The American flag stands for freedom. If you go anywhere in the world where you do not have a Judeo-Christian worldview, you don’t have freedom. You don’t have the freedom of religion, the freedom of speech, or the freedom to assemble. We live in a day and age where America is insulted left and right. The flag is an insult!
Let’s face it: many of our politicians who are going to be elected in a few months will raise their hand and say that they are going to pledge allegiance to America, then immediately upon taking office, begin working to unravel the Constitution.

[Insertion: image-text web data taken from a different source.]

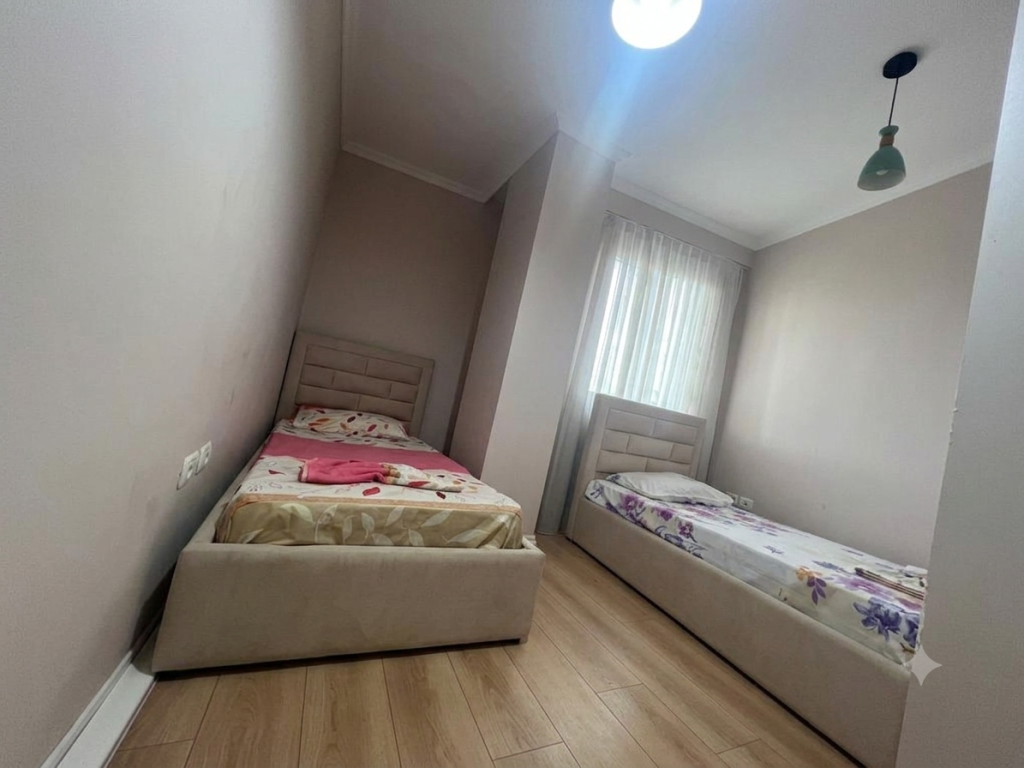 Qera, Apartament 2+1, Misto Mame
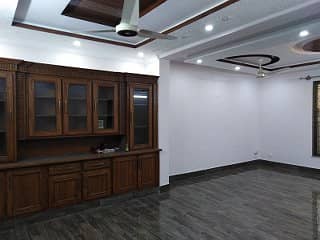 I-8-2 Upper Floor Available For Rent Prime Located 1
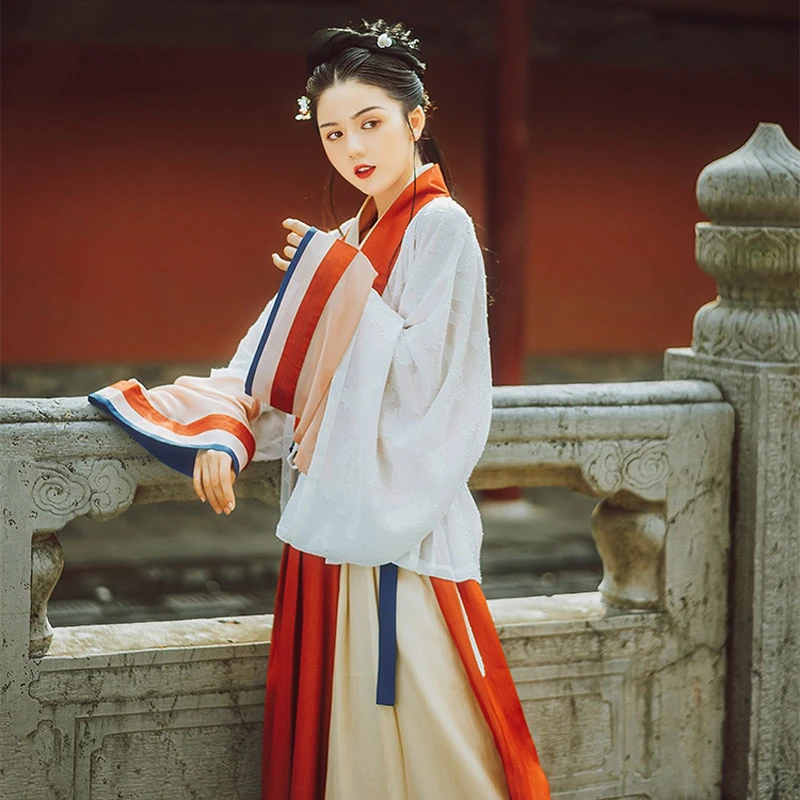 wild-cornel-hanfu-04 wild cornel hanfu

America is rooted in a Judeo-Christian worldview that “all men are created equal, that they are endowed by their Creator with certain unalienable Rights, that among these are Life, Liberty and the pursuit of Happiness.” The United States is being mocked for our founding, but the reality is that the flag stood for freedom in the past, and it still stands for freedom—it is for that reason that it is assaulted at every turn.

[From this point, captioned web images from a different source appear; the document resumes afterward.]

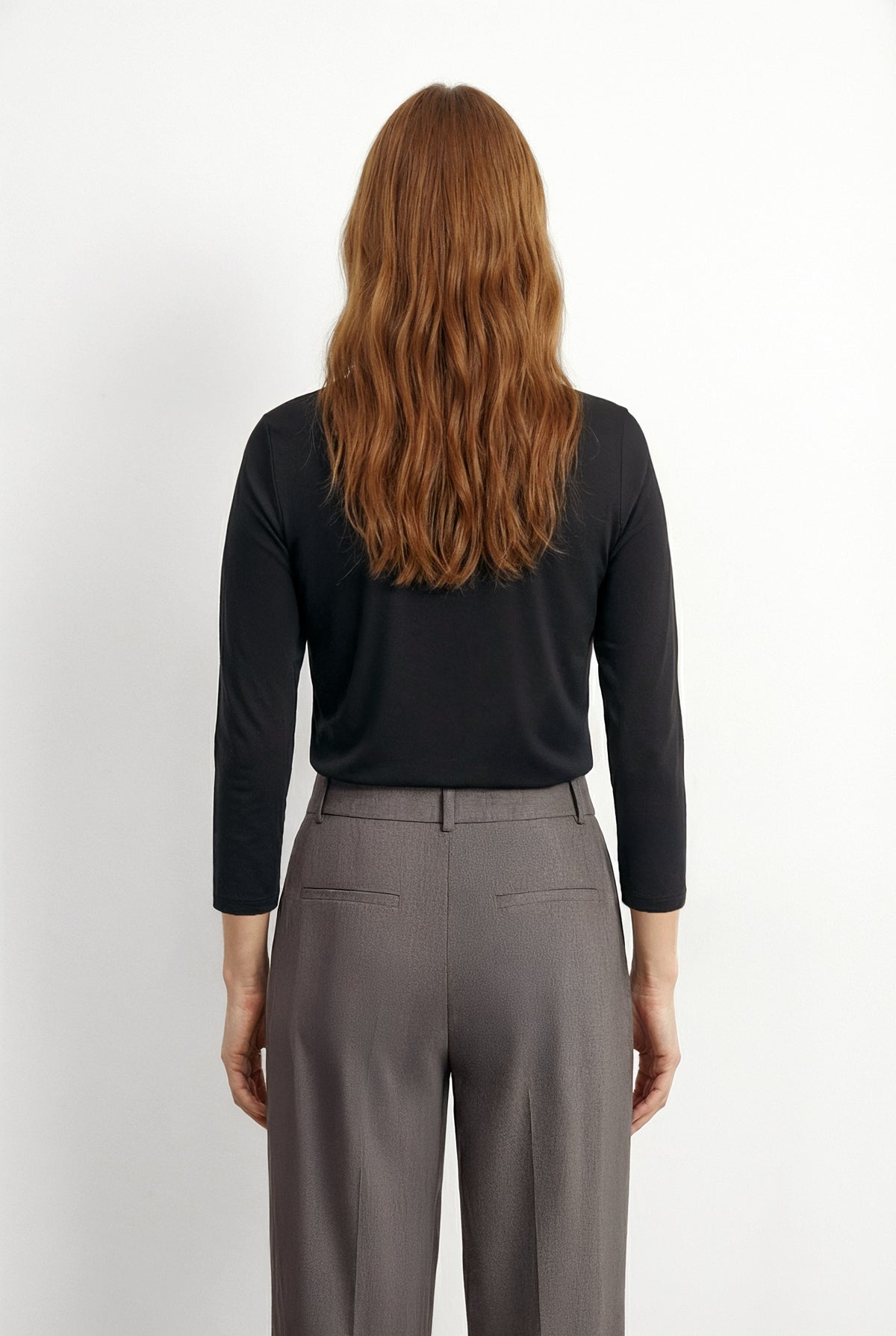 Camiseta cuello barco negra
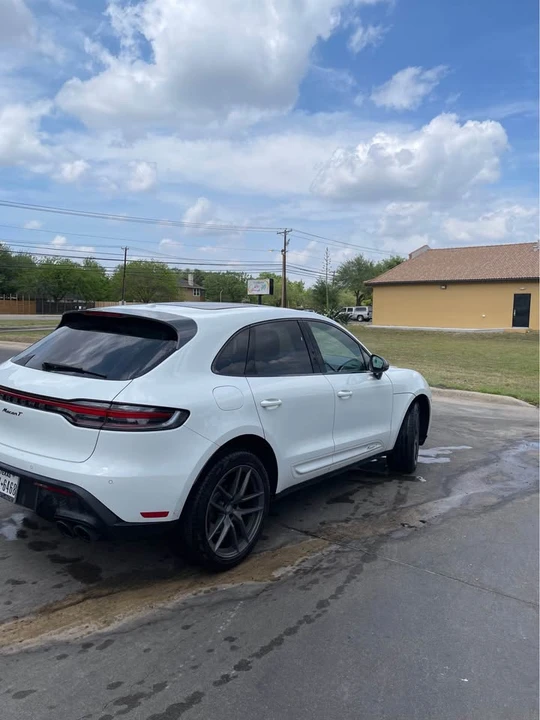 2024 Porsche Macan T - Image 4 of 7
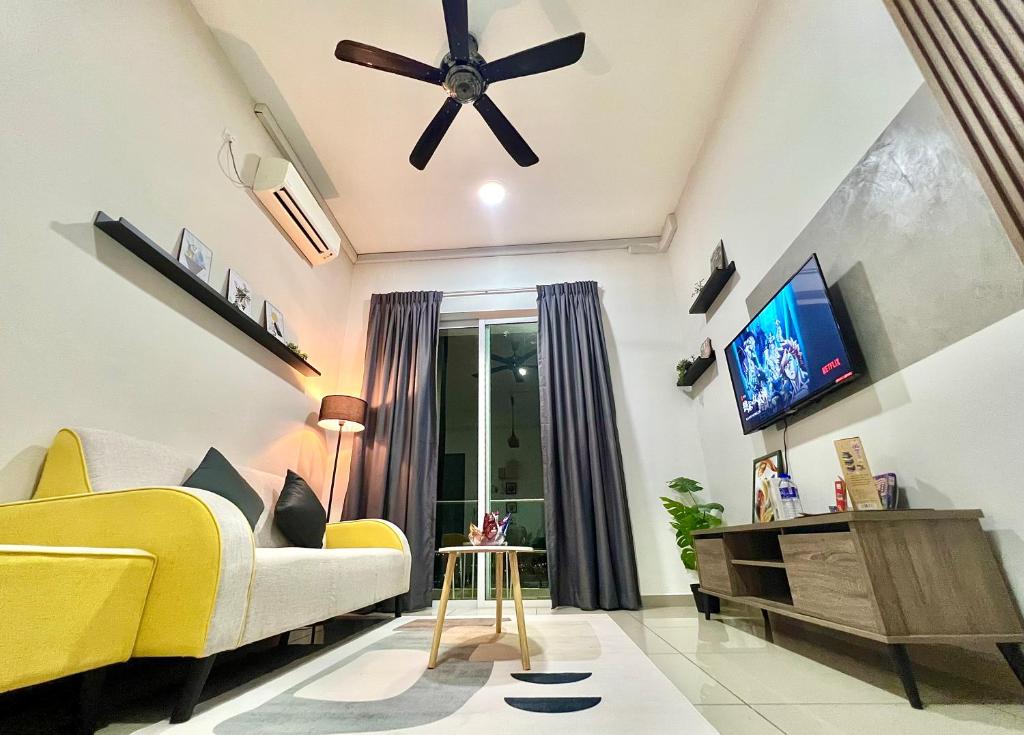TV a/nebo společenská místnost v ubytování The D Carlton HomeStay 2BR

Earlier this month, we celebrated Independence Day. It means a lot more than hot dogs, ice cream, and going to the cabin. As nice as all that is, the Declaration of Independence is incalculably more significant. It declared that we are independent from England, that we acknowledge that there is a God, and that we recognize that there are certain inalienable rights. Our founders were determined to do something different than any other nation. The Revolutionary War took six years of fighting to bring about that conclusion.
I recently read the Declaration of Independence and the Constitution of the United States and prayed for America as God commands us to do in whatever country He places us. I was reminded that we are ambassadors for Him and, as such, we ought to be praying for the good of the people and working to that end.
I once took my children to Baltimore to visit Fort McKenry. Fort McKenry covered the harbor so that when the British came back to finish the job 30 years after the Revolutionary War in 1814, McKenry was the only thing standing in their way.
The stakes were high: it was the British superpower against a little colony. They had destroyed Washington, burning the city to the ground, and now they were coming up the river system to Baltimore, which was the third largest city in America. McKenry was the only obstacle as they tried a ground assault. They couldn’t sack the fort and the flag was still standing.
Francis Scott Key went out to negotiate for one of the dignitaries in the area, had been picked up by the British, and watched as their ships assembled two miles out. They bombarded Fort McKenry for 25 hours with one objective: to make that flag come down, which would convey that America had surrendered. If the flag stood, that meant that they were still resisting. That’s where The Star Spangled Banner comes from.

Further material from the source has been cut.